An exact repetition of the listing is required.
=== Data block ===
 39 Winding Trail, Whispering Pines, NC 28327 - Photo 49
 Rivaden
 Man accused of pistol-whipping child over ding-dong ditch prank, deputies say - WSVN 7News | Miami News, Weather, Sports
===
Exercise result
 39 Winding Trail, Whispering Pines, NC 28327 - Photo 49
 Rivaden
 Man accused of pistol-whipping child over ding-dong ditch prank, deputies say - WSVN 7News | Miami News, Weather, Sports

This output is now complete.